Share this story


Sounds of the Season

The Hidden Stories Behind Some of Our Best-loved Christmas Carols Show the Holy Spirit at Work

Christmas hymns and carols are an essential part of holiday celebrations. In fact, the first Christmas hymn, “Jesus, Light of All Nations,” was penned by St. Hilary of Poitiers in 336 AD, less than a quarter century after Christianity was made legal in the Roman Empire.

During the Middle Ages, Christmas music was used almost exclusively in religious services. It was not until St. Francis of Assisi introduced nativity scenes to the laity (see page five) that most people began to celebrate Christmas faithfully. These festivities were accompanied with good food, merriment, and—of course—joyful songs.

Many of the carols we sing today have their roots in poetry, as many great writers had their verses set to music. 

Henry Wadsworth Longfellow, who was well-known during his lifetime for works like “Hiawatha,” had endured years of tragedy and loss when the Civil War broke out. His wife had died in a fire, and he felt unable to write another word when, without warning, his oldest son ran away to enlist in the Union army and was gravely injured. On Christmas Day 1863, as his son hovered between life and death, Longfellow poured out his verses of faith and hope: 

Then pealed the bells more loud and deep:

“God is not dead, nor doth He sleep;

The Wrong shall fail, the Right prevail,

With peace on earth, good-will to men.”

Noted 19th-century Boston preacher Phillips Brooks was well known for his abolitionist stance and for his sermons, both of which had gained national attention. Following the Civil War, he went to Bethlehem for respite and healing, and found himself composing a poem about the peace he found there:

“How silently, how silently, the wondrous gift is given!

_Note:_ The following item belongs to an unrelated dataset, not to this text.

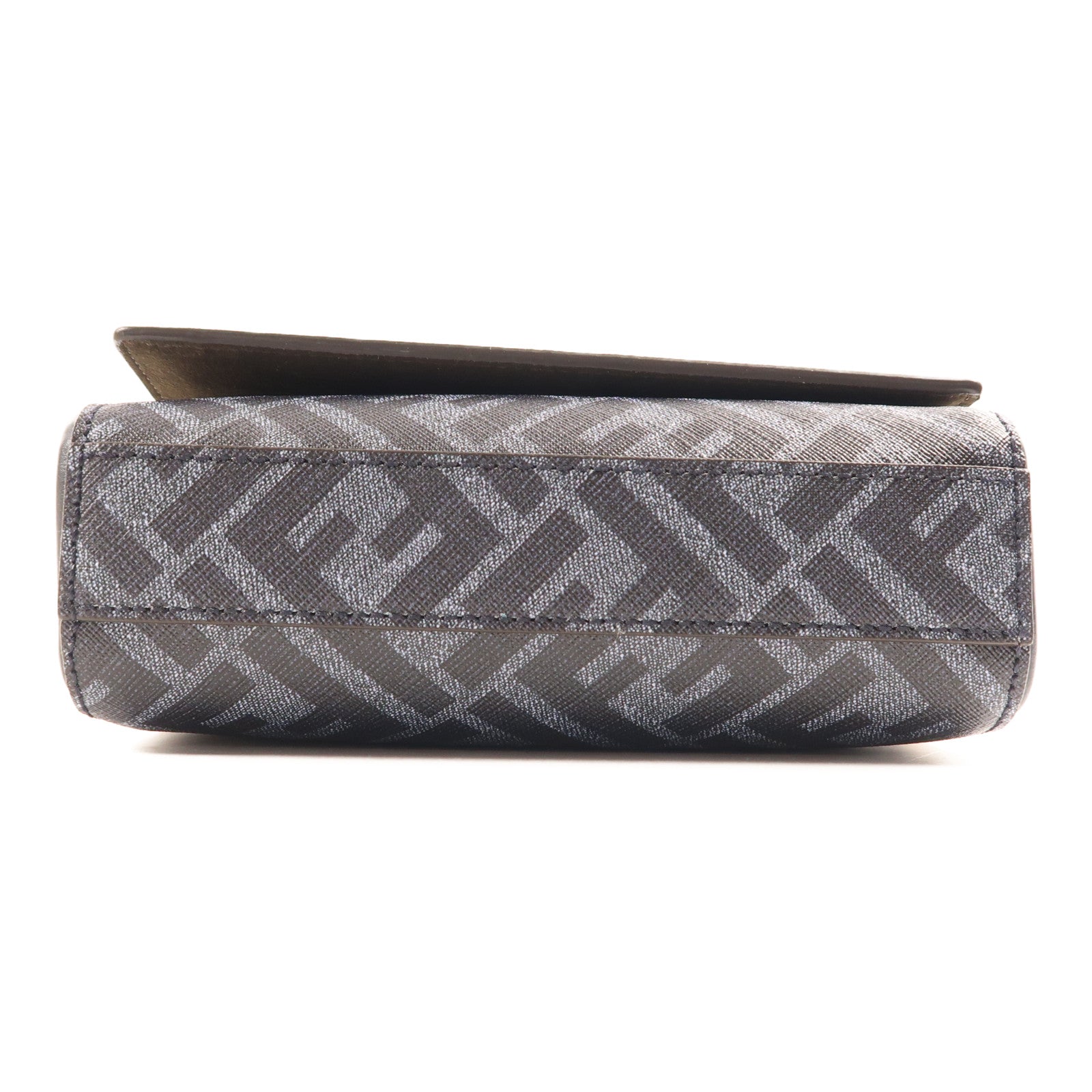FENDI 皮革Shoulder Bag銀扣肩背袋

So God imparts to human hearts the blessings of His heaven. 

No ear may hear His coming, but in this world of sin, 

Where meek souls will receive him still, the dear Christ enters in.”

These words would take on increased significance years later, when Brooks was invited to share the Gospel with Helen Keller. She told him, “I’ve always known there was a God, but until now I’ve never known his name.” It was a heart that knew the Lord, no matter how silently his gifts had been shared.

Of course, no story about Christmas carols would be complete without the most famous of them all: Silent Night.

The hymn began as a poem, written in 1816 by Austrian pastor Joseph Mohr. It was a verse that came to the rescue when the organ in Mohr’s church became flooded just before Christmas Mass. Needing something simple that could be performed easily, Mohr gave his poem to organist Franz Gruber, who set it to a gentle tune for a few voices and a guitar.

Two hundred years later, the song was so popular—and powerful—that it helped prompt a cease-fire on many European fronts during World War I. It was a song well-known and loved by both German and Allied forces, and its late-night singing in both German and English by Walter Kirchhoff, a German officer and sometime member of the Berlin Opera, helped pause fighting for a day.